I would think Occam's razor would require you to assume there is an objective reality causing all of your indirect observations. Even if all of reality is just a figment of our imagination, or just a part of some simulator (to take an extreme position), doesn't there need to be a cause of such figments, or a machine of some kind on which the simulation runs?
In other words, I could understand the position that our understanding of reality (our best maps, if you will) may be completely wrong, and I could even understand the position that the nature of reality may be impossible for us to discover, but it seems to me the fact of our existence is pretty significant evidence that some kind of objective reality exists, whether or not we have accurately mapped it. Furthermore, both positions seem far more complicated than the position that what we have seen and measured is reality. Both positions must explain all of our senses as well as having some larger thing that is an undiscoverable reality. Occam's razor seems to say the simplest answer is that what we have sensed directly and measured indirectly is reality (though not necessarily the fundamental reality).
Does that make sense?
Does that make sense?
It does. But I think you are underestimating just how much complication a belief in an unknown (or not yet known) reality brings with it. And it is an unsupportable position to claim "that what we have seen and measured is reality". Measurement is obviously theory-laden. Sense data is too, though the theories involved are in the field of psychology and the neurosciences.
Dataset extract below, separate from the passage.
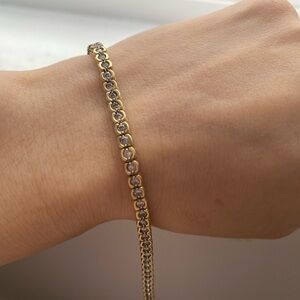 Half Bezel setting over 2ctw natural Diamond 14k tennis bracelet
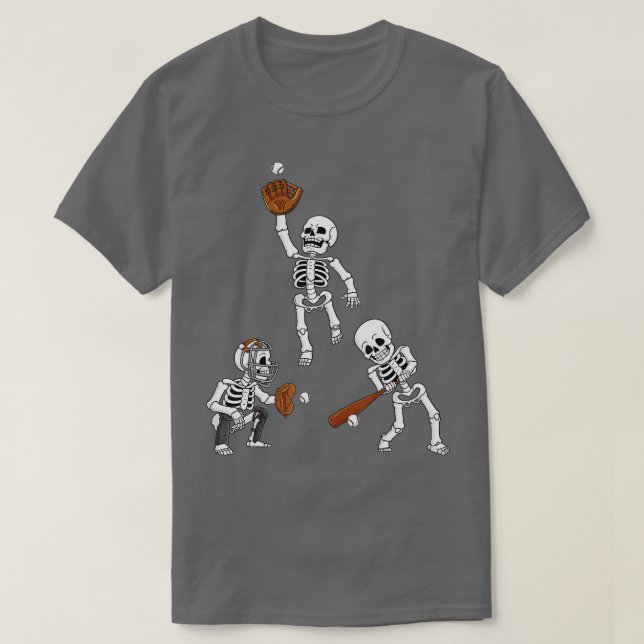 Camiseta Esqueletos de Halloween de béisbol Hitter Catcher  (Diseño del anverso)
it seems to me the fact of our existence is pretty significant evidence that some kind of objective reality exists
One thing I notice you doing that you may not notice yourself: you are using the words "objective" and "subjective" as a kind of praise or condemnation. And you seem to associate the adjective 'objective' with the noun 'reality' as if 'reality' has a natural right to that adjective. But I am taking the position here that the only 'reality' you have access to is a subjective one (or, at best, intersubjective).
I think we pretty much understand each other at this point. I'm not trying to convert anyone - just to open some minds. And I apologize for my "maps all the way down' crack that started the conversation. It came across as trollish, and I regret that.
I'm not sure what you mean by this.
How does one make maps into a tower? What would such a tower of maps look like? How is this different from a "territory" containing a tower of maps?
I am taking the word 'map' to mean pretty much the same as what philosophers of science refer to as 'theories'. And 'territory' to mean 'reality'. So by a 'tower' of maps, I mean a series of theories, each reducing to a 'lower-level' theory. For example, one map might be a theory of infinitely divisible material bodies with state properties like density, temperature, and elasticity. At the next level down in the tower of maps, we might have an atomic theory with 92 elements. Next a theory in which the elementary particles include electrons, neutrons, and protons. Next down, we have the standard model with QCD. Then some super-symmetric Kaluza-Klein GUT. Etc.
Is there a base-level theory ('map') that reduces to an underlying 'reality', rather than to a lower-level map? I suppose we will never know - can never know - whether such a reality exists and what it 'looks like'. Certainly, we never know whether our current lowest-level map is the final one.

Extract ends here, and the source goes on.